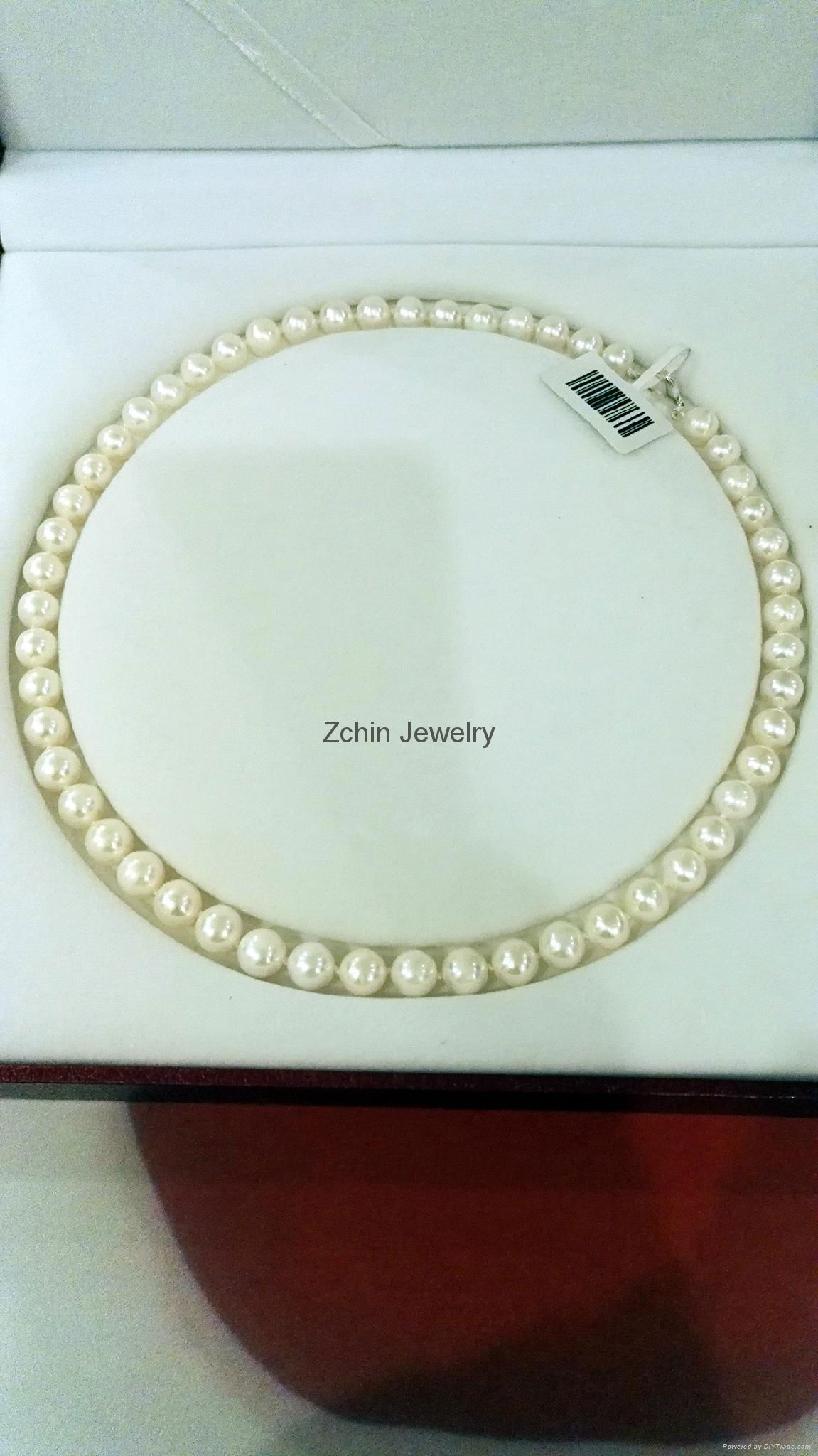 White  circular Freshwater  Pearl necklace 9-10 mm 4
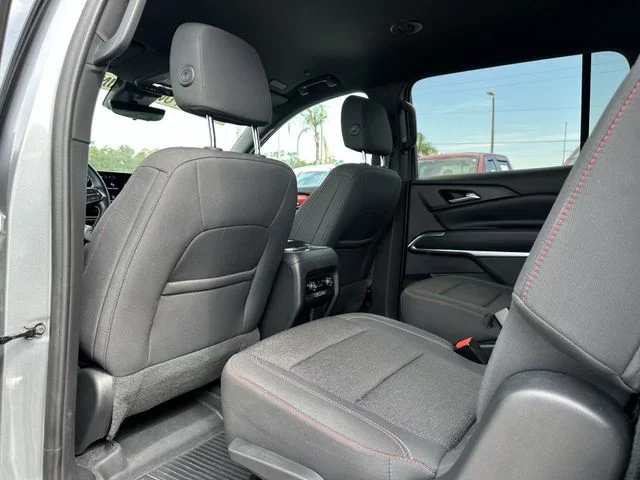 Used 2024 Gray Chevrolet Z71 image 17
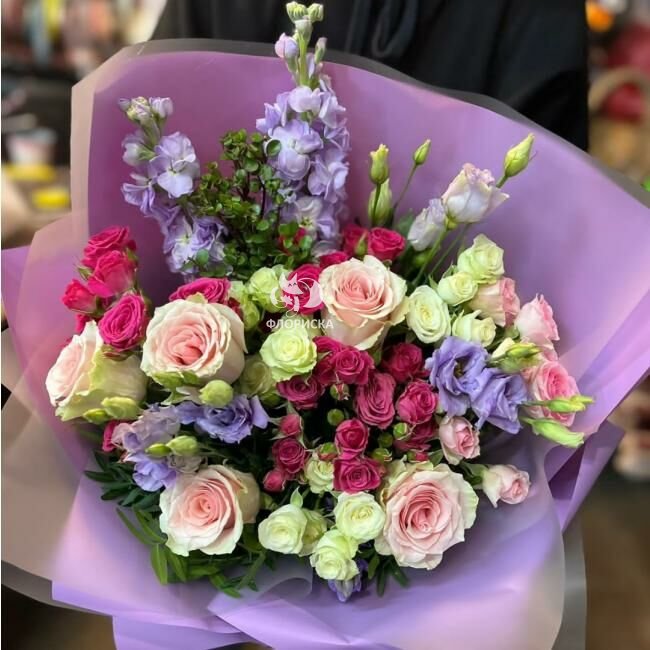 Сборный букет с эустомой и маттиолой &laquo;Лиловый туман&raquo;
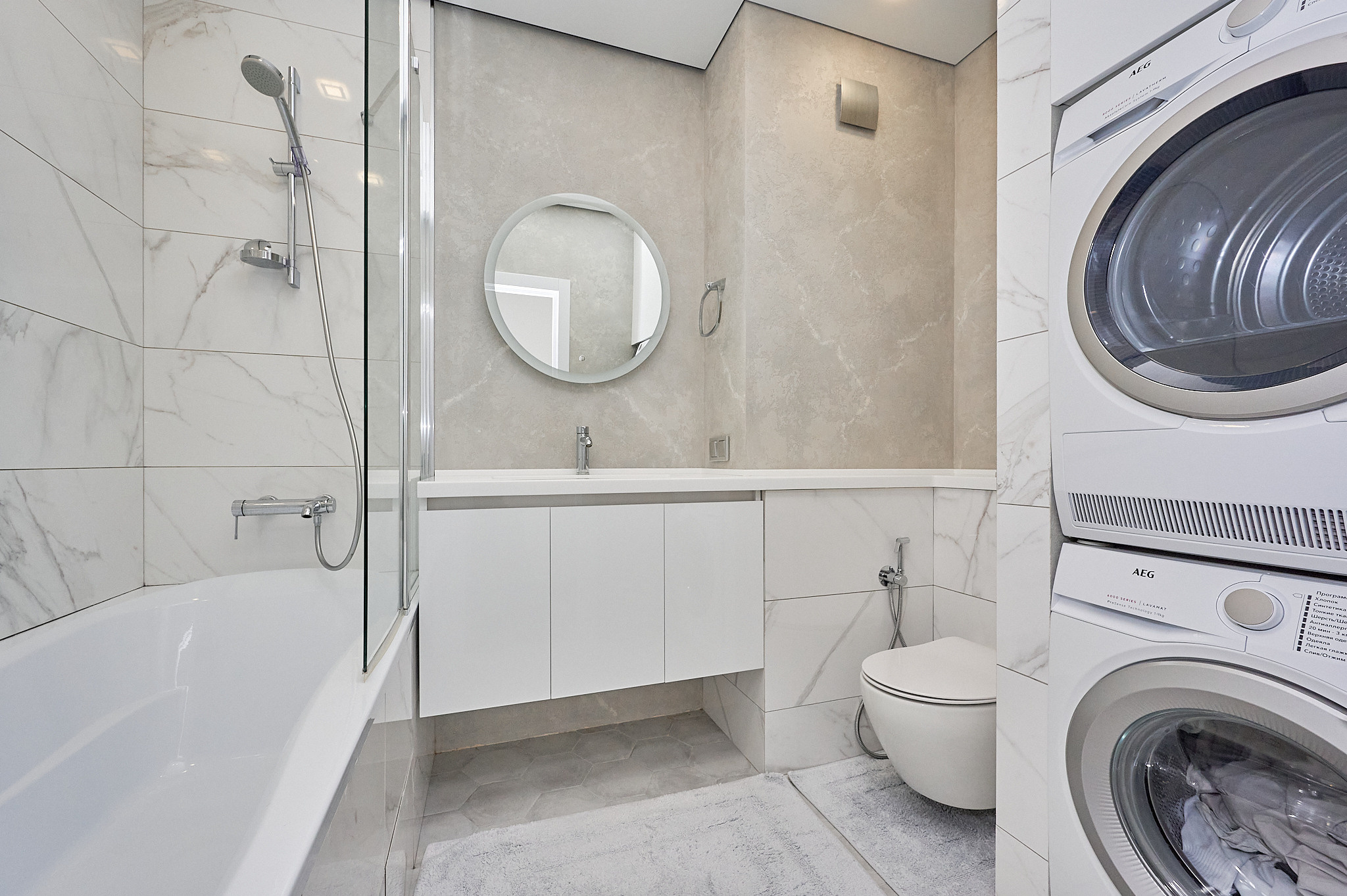 ванная комната светлые обои круглое зеркало 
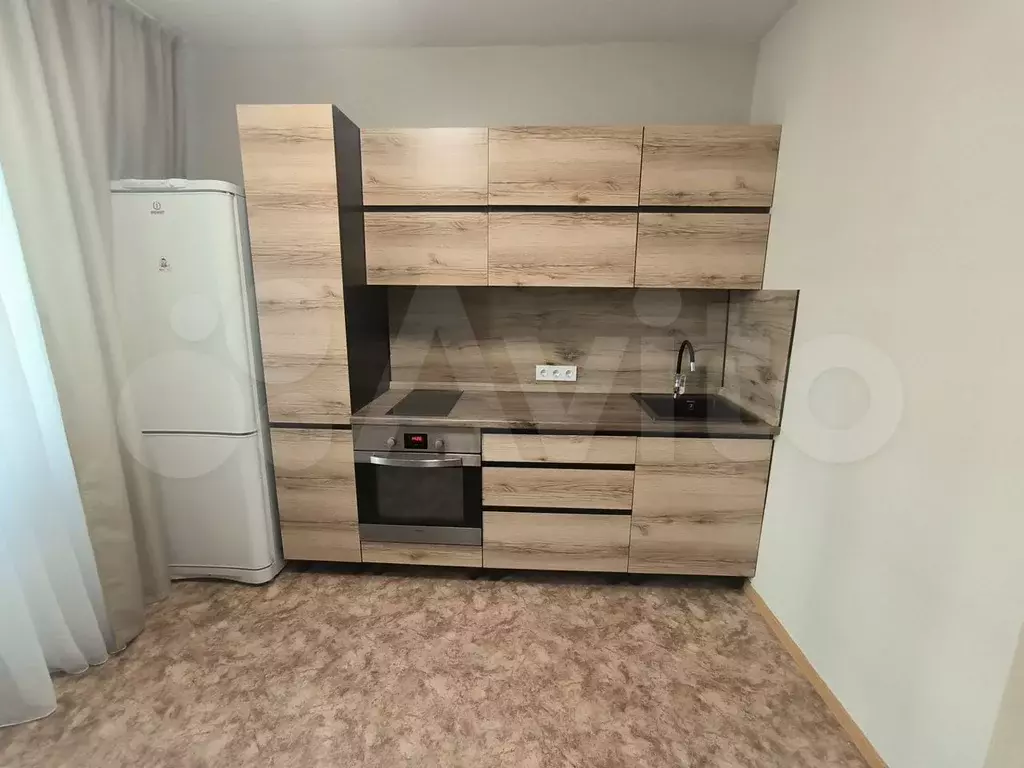 2-к. квартира, 60 м, 2/16 эт. - Фото 1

### Task instructions:
The data above needs to be retyped exactly, with the images left out.

### Response to this exercise:
 White  circular Freshwater  Pearl necklace 9-10 mm 4
 Used 2024 Gray Chevrolet Z71 image 17
 Сборный букет с эустомой и маттиолой &laquo;Лиловый туман&raquo;
 ванная комната светлые обои круглое зеркало 
 2-к. квартира, 60 м, 2/16 эт. - Фото 1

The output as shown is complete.